# EXERCISE DETAILS:
What are the lines below, starting at the line containing "A Taste of Côte D'Azur" and ending at the line containing "Schaller Schaller Bass BM 2L/2R Xром"? Write them out exactly, ends included, without pictures.

====== DATA TO USE

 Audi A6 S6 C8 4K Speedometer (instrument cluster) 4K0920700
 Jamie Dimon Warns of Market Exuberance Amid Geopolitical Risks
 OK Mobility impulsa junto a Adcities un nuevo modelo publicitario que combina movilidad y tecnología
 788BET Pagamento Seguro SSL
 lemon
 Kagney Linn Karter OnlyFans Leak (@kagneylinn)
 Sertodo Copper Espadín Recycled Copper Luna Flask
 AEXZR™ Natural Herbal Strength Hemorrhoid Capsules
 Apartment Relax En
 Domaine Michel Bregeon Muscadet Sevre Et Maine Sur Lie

============
====== DATA TO USE

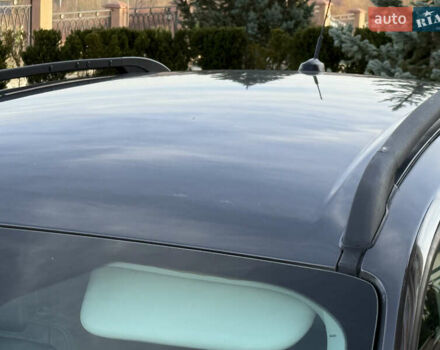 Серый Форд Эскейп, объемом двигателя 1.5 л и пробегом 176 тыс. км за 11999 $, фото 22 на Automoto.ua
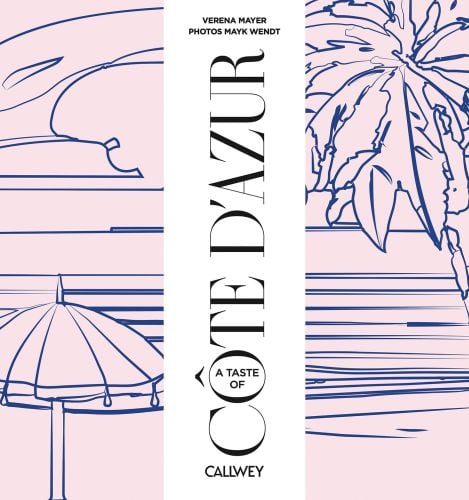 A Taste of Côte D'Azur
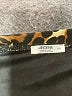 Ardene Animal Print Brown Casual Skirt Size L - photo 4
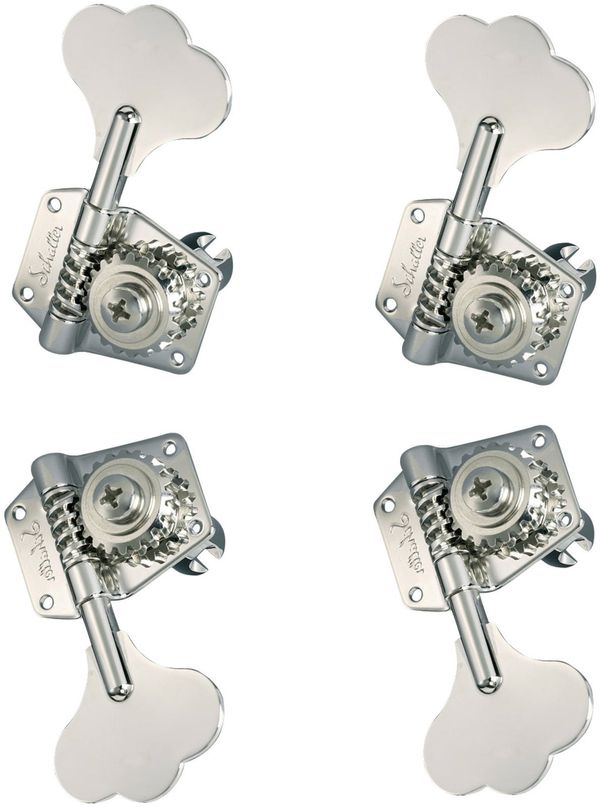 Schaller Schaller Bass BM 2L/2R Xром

============
====== DATA TO USE

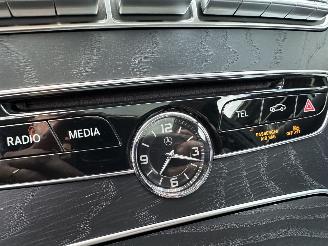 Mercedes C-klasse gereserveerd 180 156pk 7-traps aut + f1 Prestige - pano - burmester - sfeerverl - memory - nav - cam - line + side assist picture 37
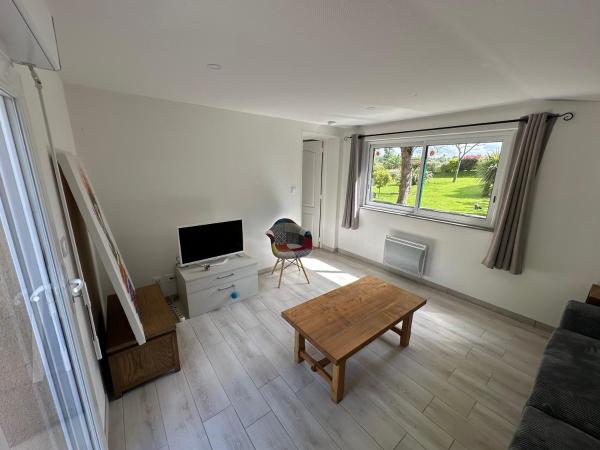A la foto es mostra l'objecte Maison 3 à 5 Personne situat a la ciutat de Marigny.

============

# RESPONSE FOR THIS EXERCISE:
 A Taste of Côte D'Azur
 Ardene Animal Print Brown Casual Skirt Size L - photo 4
 Schaller Schaller Bass BM 2L/2R Xром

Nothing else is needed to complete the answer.